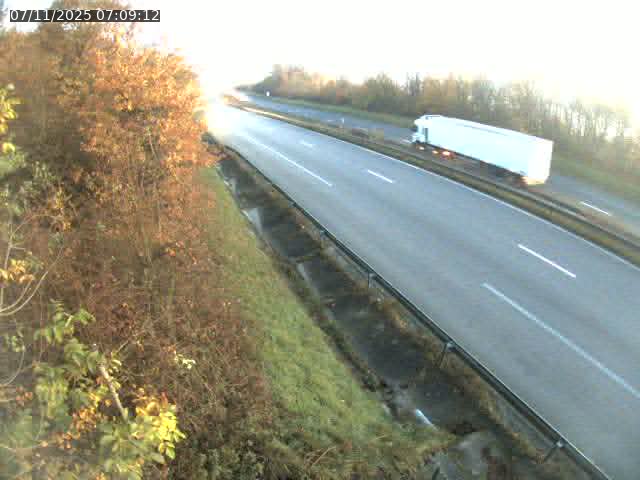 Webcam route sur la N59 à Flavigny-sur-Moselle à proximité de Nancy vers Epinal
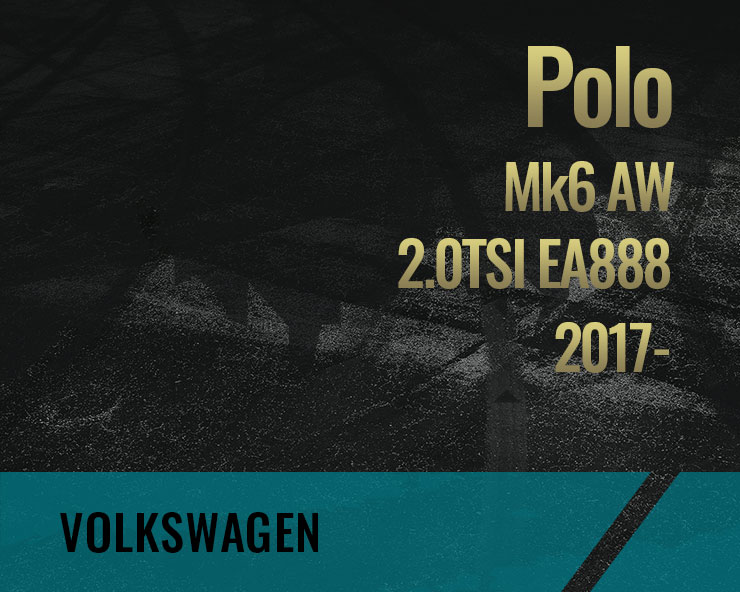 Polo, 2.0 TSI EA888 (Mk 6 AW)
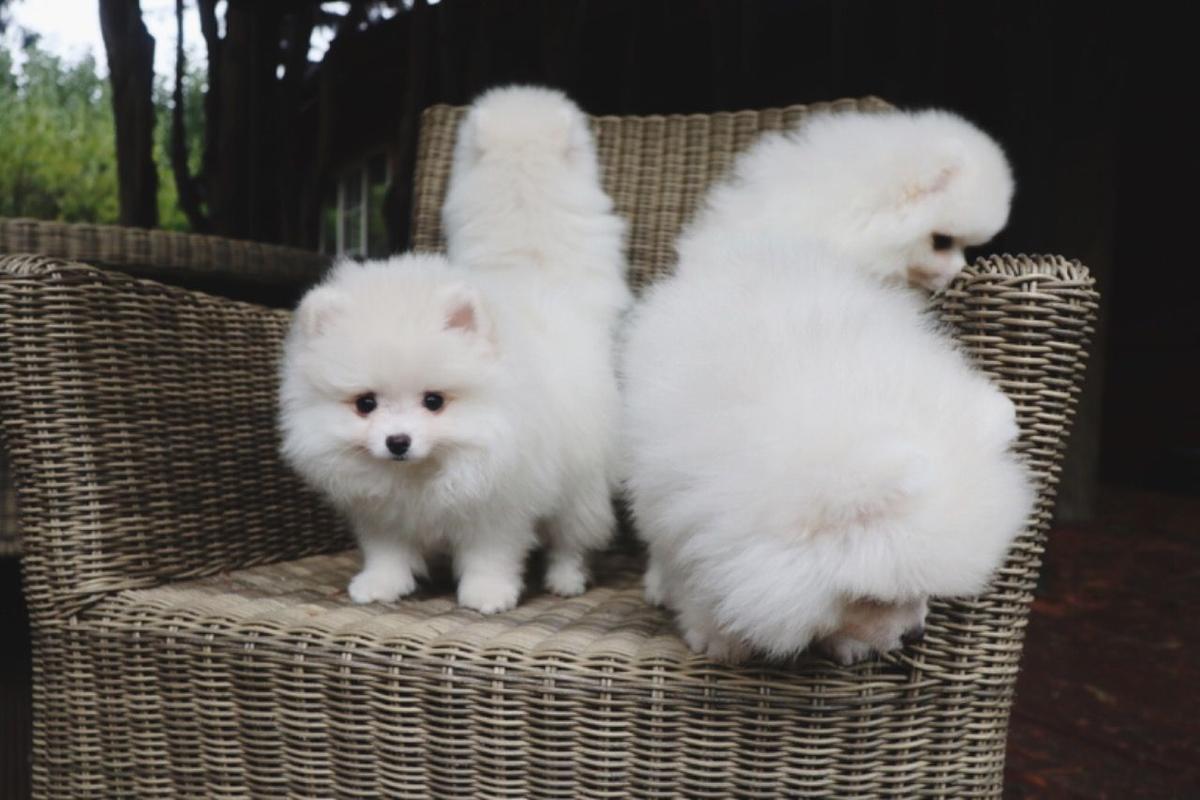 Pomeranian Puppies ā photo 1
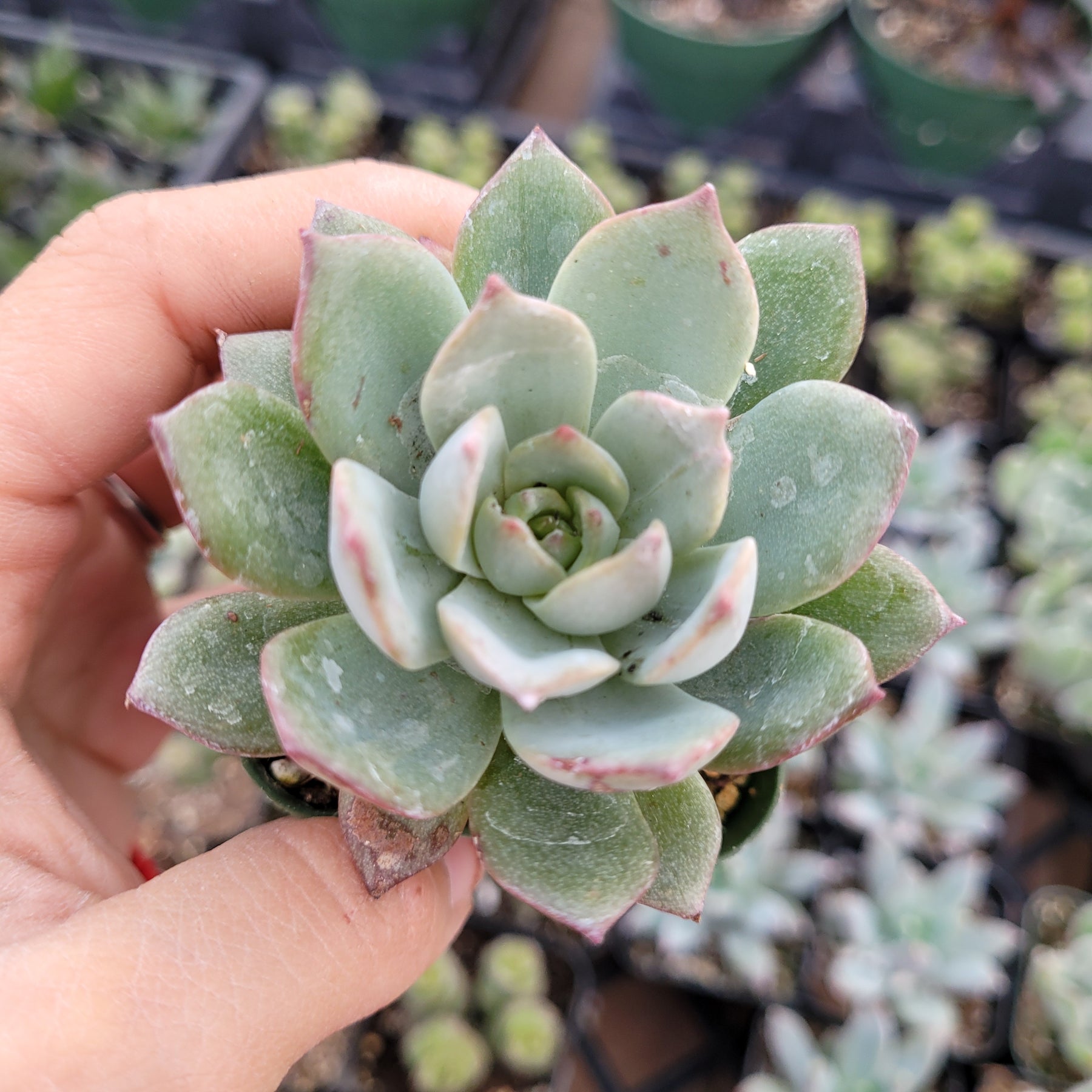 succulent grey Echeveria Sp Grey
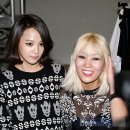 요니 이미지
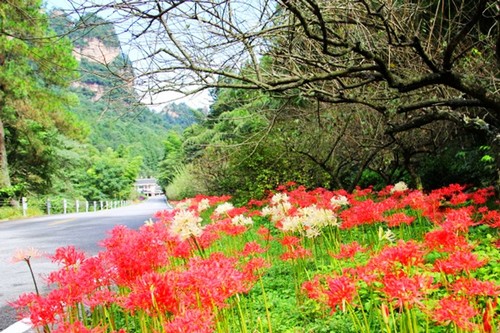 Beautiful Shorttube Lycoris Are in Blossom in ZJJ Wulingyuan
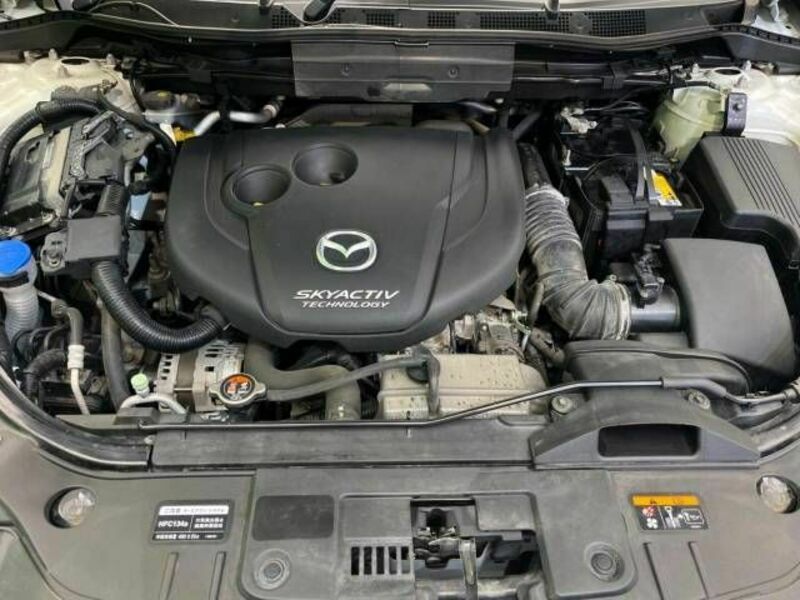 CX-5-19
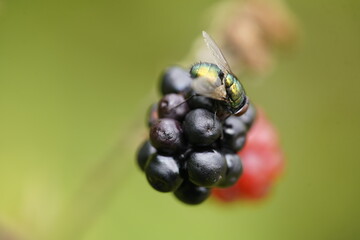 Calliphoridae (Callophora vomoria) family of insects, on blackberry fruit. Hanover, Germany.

** PROBLEM TO SOLVE **
Every picture stays out; reproduce exactly the lines from the one with "Polo, 2.0 TSI EA888 (Mk 6 AW)" through the last line of the data above.

** EXERCISE RESULT **
 Polo, 2.0 TSI EA888 (Mk 6 AW)
 Pomeranian Puppies ā photo 1
 succulent grey Echeveria Sp Grey
 요니 이미지
 Beautiful Shorttube Lycoris Are in Blossom in ZJJ Wulingyuan
 CX-5-19
 Calliphoridae (Callophora vomoria) family of insects, on blackberry fruit. Hanover, Germany.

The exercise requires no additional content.